驚いた表情を作っていた顔の筋肉はどれも緊張を解き、ただこちらを見上げている目からも先ほどまでのような感情は読み取れない。

自分は何かまずいことを言ってしまったのだろうか。

「ウイ?」

名前を呼ばれたことで何度か瞬きをした彼女の様子を見て、先ほどまでそれすらせずに彼女が固まっていたことに気付いた。

「あ、ごめんごめん。そうだよねえ。

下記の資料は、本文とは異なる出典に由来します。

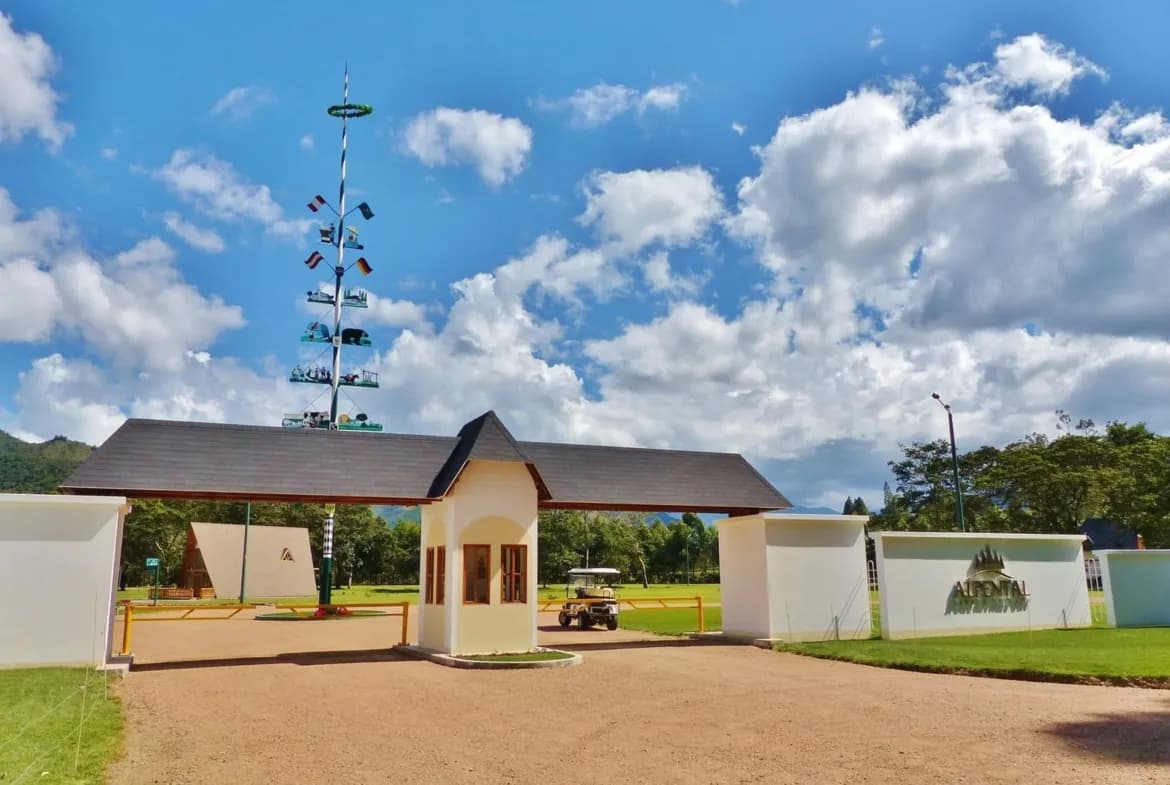 Se Vende Terreno en Condominio Privado Alpental – La Mejor Zona Residencial de Oxapampa - 1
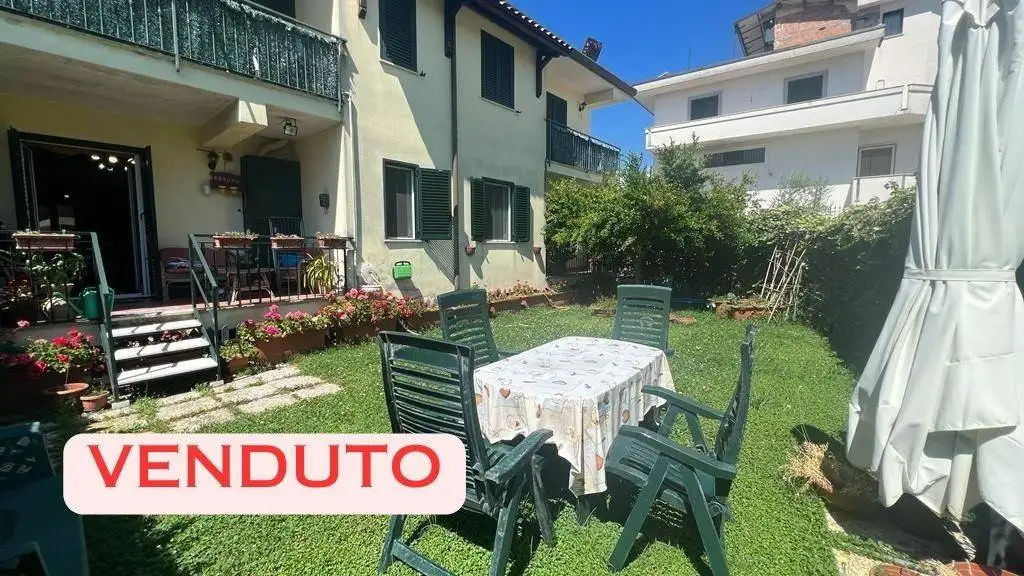 Appartamento in vendita a Broccostella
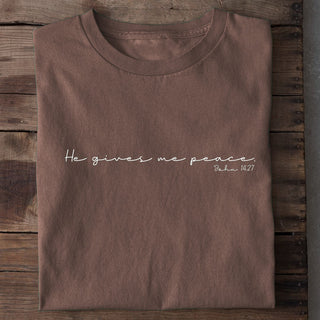 He gives Peace Shirt Braun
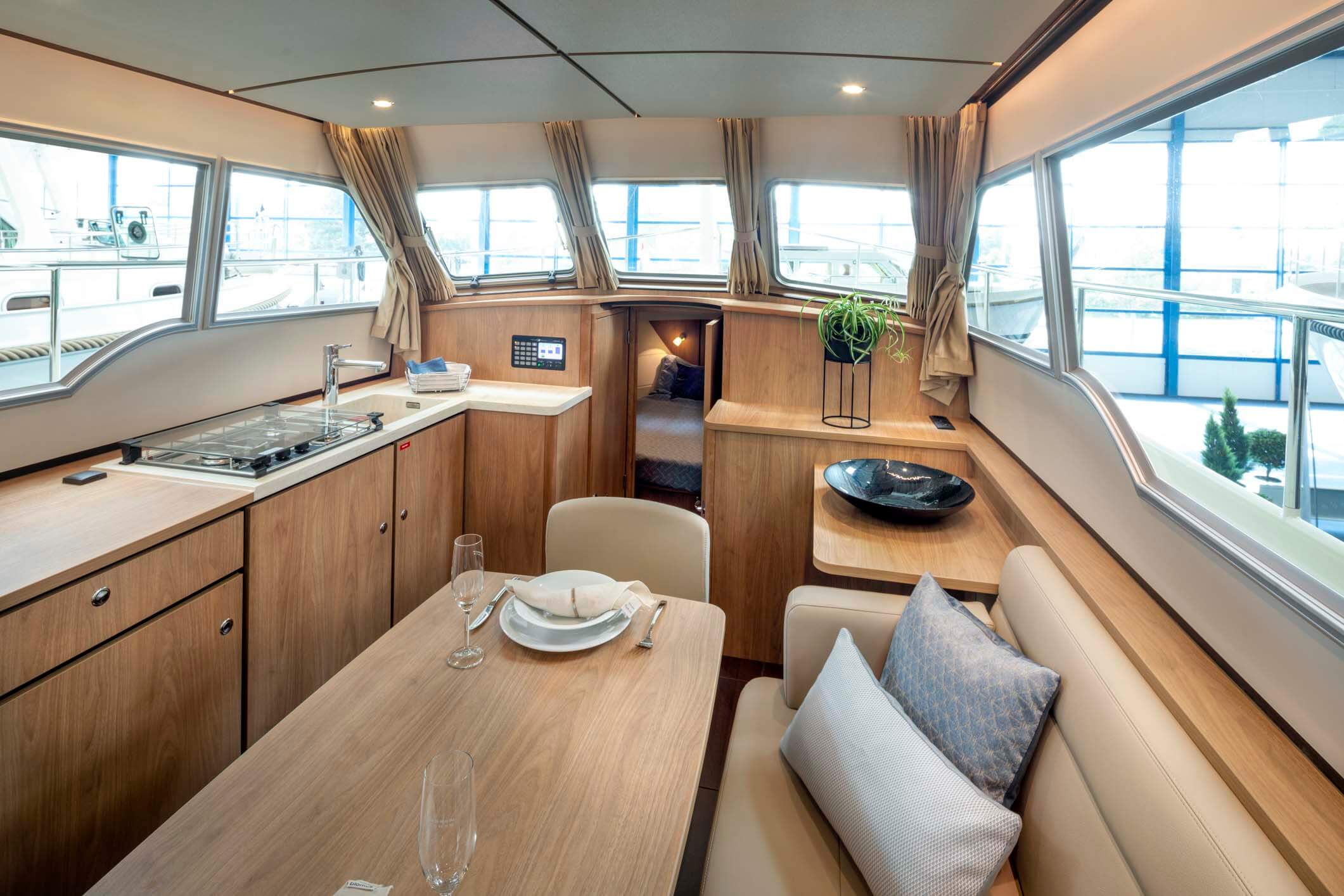 Linssen Grand Sturdy 35 AC Salon mit Küche - Yachturlaub zehdenick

」

何事もなかったかのようにように笑顔を浮かべるウイ。
彼女のこの顔には正直嫌いだ。
何かを取り繕う時の、触れられたくない所から相手を遠ざけるための、そんな笑顔だ。

ウイがそれ飲みたい、とタンブラーを指差すものだから
サイドテーブルに置かれたそれに仕方なく手を伸ばすと
その間に彼女は体を起こしてしまっていた。

ありがとうとお礼を良いながらそれに口をつけ、やっぱこれ美味しいねとニコニコ笑うウイ。

先ほどまでのことは夢だったのかと思うほど、
焦りも驚きも微塵も感じられない彼女の様子。

感情に素直だった彼女は、殻に閉じ籠ってしまったようだ。

「でもロー!ああいうことはダメって前にも言ったでしょ?」
「アイツは嫌でも、俺は嫌じゃねえんだろ。」


この流れはダメだ。
彼女は自分を遠ざけようとしている。


「ロイが、キス下手だったんだよ。きっと。」


チャラ男ヤリチンのローさんにはそりゃ敵いませんわとヘラヘラ笑いながらバシバシ肩を叩かれる。


「おい。俺もそろそろ怒るぞ。」


自分でも驚くほど低い声が出た。
ウイは俺の気持ちに気付いている。
分かっていて、それを遠ざけようとしている。


「やだなぁ。自分の普段の行いを恨みなさいよ。」


口ではまだ怒っていないと言いつつも、既に苛立っているこの感情は恐らく顔にも出ているだろう。
しかしウイはそれに気付かないふりをして笑って誤魔化そうとしている。



確かにこれまで、顔も人数すらも覚えていない程の女を抱いてきた。

でもウイが好きだと自覚してからは、むしろ彼女と出会ってからは、
一度もそれをしていない。

そんなことを言われる謂れはない。

そういえばこれって何入ってるのとタンブラーを持ちながらきょとんとこちらを向くウイ。
確実に話題を逸らそうとしているウイに

お前は、俺の気持ちまで見なかったことにするつもりなのかと

怒りと焦りが入り交じったような感情が沸き上がる。


「俺はお前のことが好「ローはこれから先女の人仲間にする気はないの?」


なかったことにされたくなくて、否定でも拒絶でも良いから
彼女の本当の気持ちが聞きたくて

彼女が同じ気持ちではなければ言わまいと決めたはずの言葉がつい、口から溢れてしまった。

でも、それすらも
ウイは自分の言葉でかきけしてしまう。


「私以外で、だよ?女の人は仲間にしないの?」


ウイは困ったように、眉を少し下げながら
でもやはり笑っている。

自分の告白をかき消されたことに苛立ちを感じて黙っていると、どうなのと言いたげな彼女の視線がまとわりつく。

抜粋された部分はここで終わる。